Hey Blake,
A while ago there was a very interesting mosaic arch at the front of City Park near Orleans and City Park avenues. Can you tell me about it and where it was moved?
Tom Rogers
Dear Tom,
The piece was created by artist Shannon Landis Hansen. It is a ceramic-encrusted doorway titled Still Standing. For about two years, this tribute to what was lost in Hurricane Katrina and what was left stood in City Park and was admired by those fortunate enough to see it. Hansen's doorway is covered with ceramic figures, mosaic tiles, plates, cups and saucers and other bits and pieces representing treasures lost in the storm. It is fitting it was placed in City Park, parts of which flooded with up to 8 feet of water after the federal levees broke in 2005.
Hansen, who spent her childhood moving from place to place, was an award-winning watercolorist during her early career. In the 1980s, she began to create layered assemblages, showing her work mostly in California. Now her pieces incorporate ceramic figures (or pieces of them), mosaic tiles, plates, cups, saucers and found items, reflecting what she calls "transitoriness," or how things change over time.

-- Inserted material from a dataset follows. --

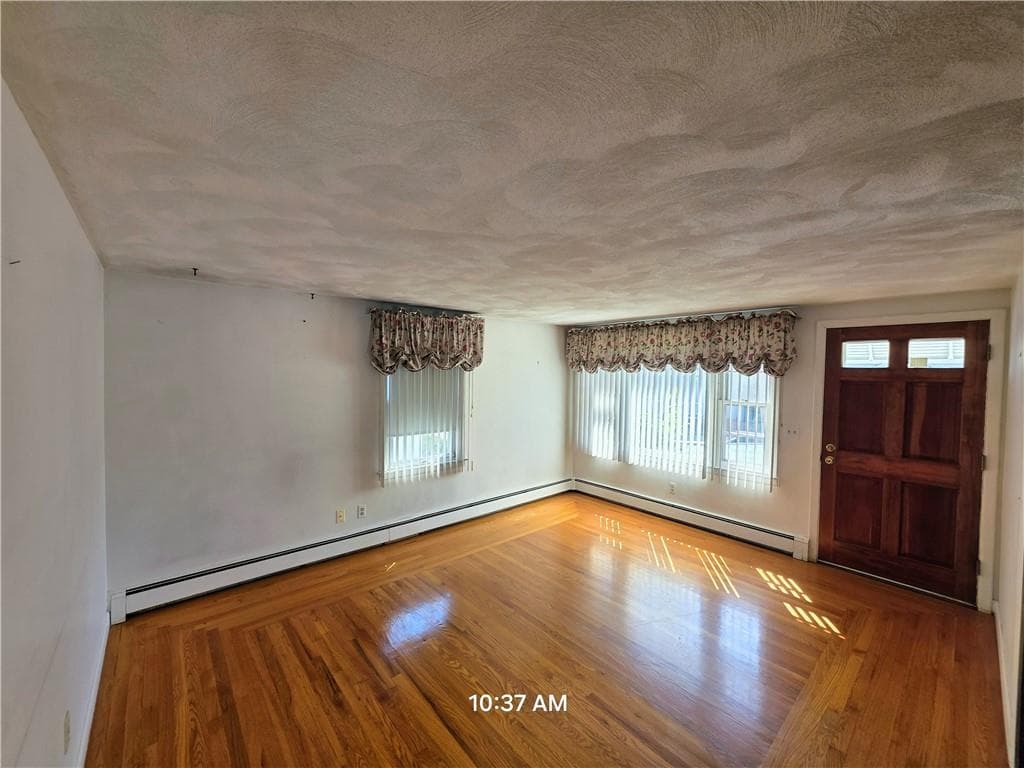 223 Wallace Street photo 3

The sculpture was part of the Arts Council of New Orleans' $750,000 Art in Public Places program in which the Arts Council commissioned local artists to create unique pieces to display throughout the city, beginning in October 2008. Artists from Louisiana and Mississippi who were affected by Hurricanes Katrina or Rita were eligible, and 308 proposals were submitted. An anonymous panel of five chose 20 public art projects, and each of those artists received $25,000.
The Arts Council project was funded through the estate of abstract painter Joan Mitchell, who died in 1992. The Joan Mitchell Foundation in New York helps artists throughout the country, and it has given more than $1.5 million to various art institutions in New Orleans since Katrina. The two-year Art in Public Places project came to a close in October 2010. Some of the artworks will remain in place permanently, but most have been dismantled or moved. Hansen's piece was relocated to the front yard of The House on Bayou Road (2275 Bayou Road), a bed and breakfast near North Tonti Street.